Before we get into how to calibrate your camera, let’s look at some of the issues that might be affecting your results.

A sharp image might seem like it’s a simple matter of lining up your focus point with your subject and pressing the shutter button, but in reality it isn’t quite so simple. Focus is affected by several different factors, including:

The lens itself. Every lens has a certain depth of field (DOF) range. If you’re outside this range, you’ll lose sharpness either in front of or behind the focus plane.

The distance from your subject. As you get closer to your subject and move further away, the DOF changes dramatically. Make sure you’re focusing within the right range for the shot you’re taking.

What Are The Different Camera Focus Types?

When you’re shooting a photo, changing the camera focus (or focal point) can be an effective way to direct attention to a specific part of the image. There are five different types of camera focus:

Fixed focus. This is the most common type of lens, and the type found in most compact cameras and mobile phones.

Such lenses don’t allow you to change the focus point. Auto-focus. Most DSLRs have auto-focus capabilities, and they work by changing the position of lens elements to bring objects into focus.

Manually focusing lenses allow you to adjust the focus by turning a ring on the lens itself, rather than automatically doing so in response to your focusing instructions. Macro lenses are focused manually, for example. Variable focus.

Found on many DSLRs, these lenses allow you to control how much or how little of the scene comes into focus from a distance of about one foot from infinity (the farthest distance at which you can still get a sharp image).

When set at infinity, all objects from half an inch from the camera lens will be in focus anywhere from half an inch out to infinity.

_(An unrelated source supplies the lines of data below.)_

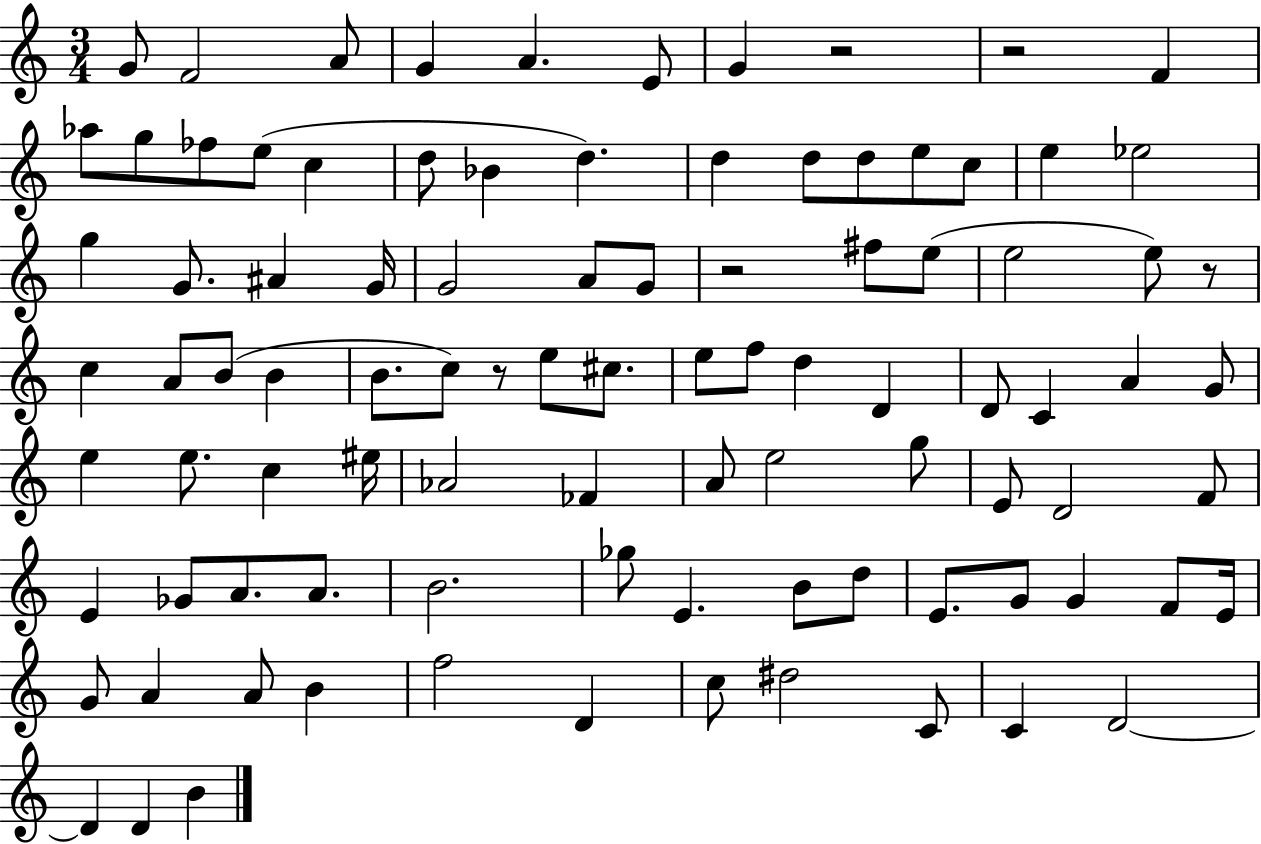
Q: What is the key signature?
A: C major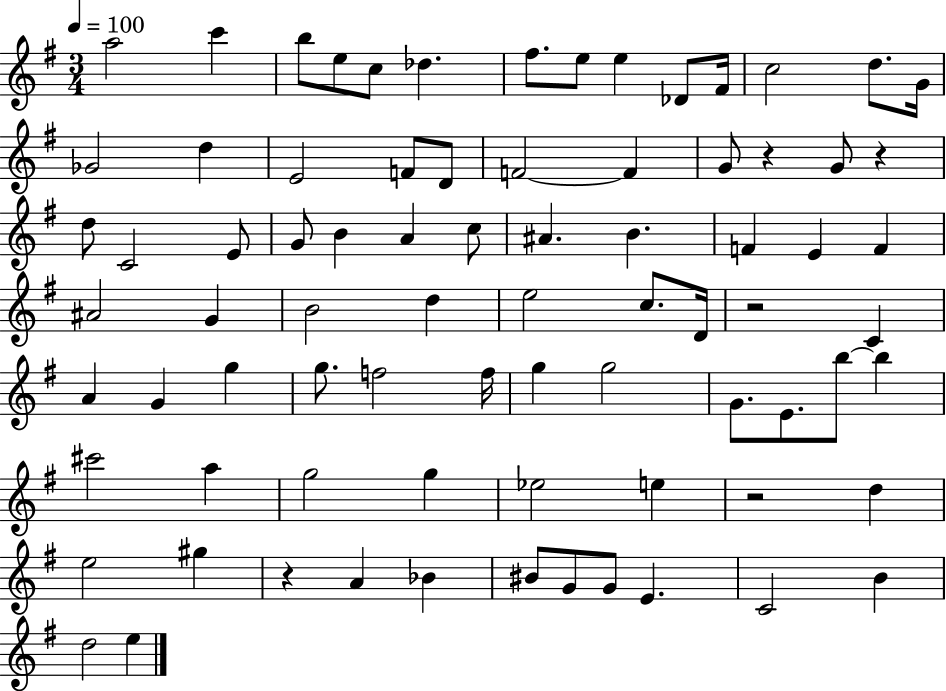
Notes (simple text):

A5/h C6/q B5/e E5/e C5/e Db5/q. F#5/e. E5/e E5/q Db4/e F#4/s C5/h D5/e. G4/s Gb4/h D5/q E4/h F4/e D4/e F4/h F4/q G4/e R/q G4/e R/q D5/e C4/h E4/e G4/e B4/q A4/q C5/e A#4/q. B4/q. F4/q E4/q F4/q A#4/h G4/q B4/h D5/q E5/h C5/e. D4/s R/h C4/q A4/q G4/q G5/q G5/e. F5/h F5/s G5/q G5/h G4/e. E4/e. B5/e B5/q C#6/h A5/q G5/h G5/q Eb5/h E5/q R/h D5/q E5/h G#5/q R/q A4/q Bb4/q BIS4/e G4/e G4/e E4/q. C4/h B4/q D5/h E5/q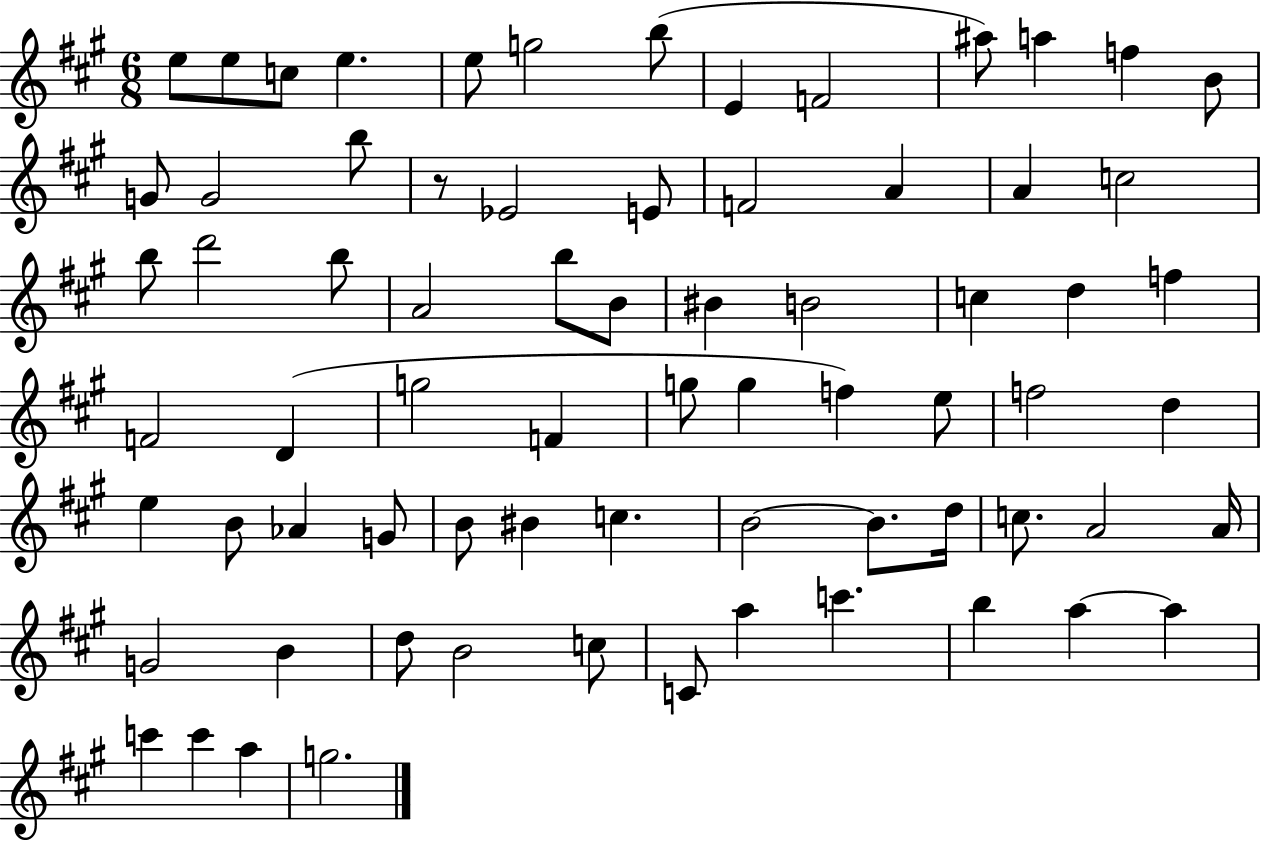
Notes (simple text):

E5/e E5/e C5/e E5/q. E5/e G5/h B5/e E4/q F4/h A#5/e A5/q F5/q B4/e G4/e G4/h B5/e R/e Eb4/h E4/e F4/h A4/q A4/q C5/h B5/e D6/h B5/e A4/h B5/e B4/e BIS4/q B4/h C5/q D5/q F5/q F4/h D4/q G5/h F4/q G5/e G5/q F5/q E5/e F5/h D5/q E5/q B4/e Ab4/q G4/e B4/e BIS4/q C5/q. B4/h B4/e. D5/s C5/e. A4/h A4/s G4/h B4/q D5/e B4/h C5/e C4/e A5/q C6/q. B5/q A5/q A5/q C6/q C6/q A5/q G5/h.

Zoom lenses use variable-focus technology but tend to be regarded as inferior because their ability to maintain sharpness isn’t as good as fixed or manual-focus lenses.

Focus Chart For Filmmaking – Wrapping Up

So there you have it, in a nutshell. Our guide to focus charts for filmmaking.

As I mentioned before, you don’t need to use a chart or follow any rules to be a successful filmmaker.

I started making films without any idea of what I was doing, and they still turned out ok.

Thing is, I still waste time and effort on stuff that doesn’t matter. So hopefully this post has helped you to think about your own focus and where it should be directed.

Focus is important because it’s one of the main ways we direct our energy towards success.

If you spend too much time on the wrong things, you won’t have enough left for the things that really matter.

Just as in real life, everything counts when making a film: the camera angle, the lighting, your choice of actor – EVERYTHING!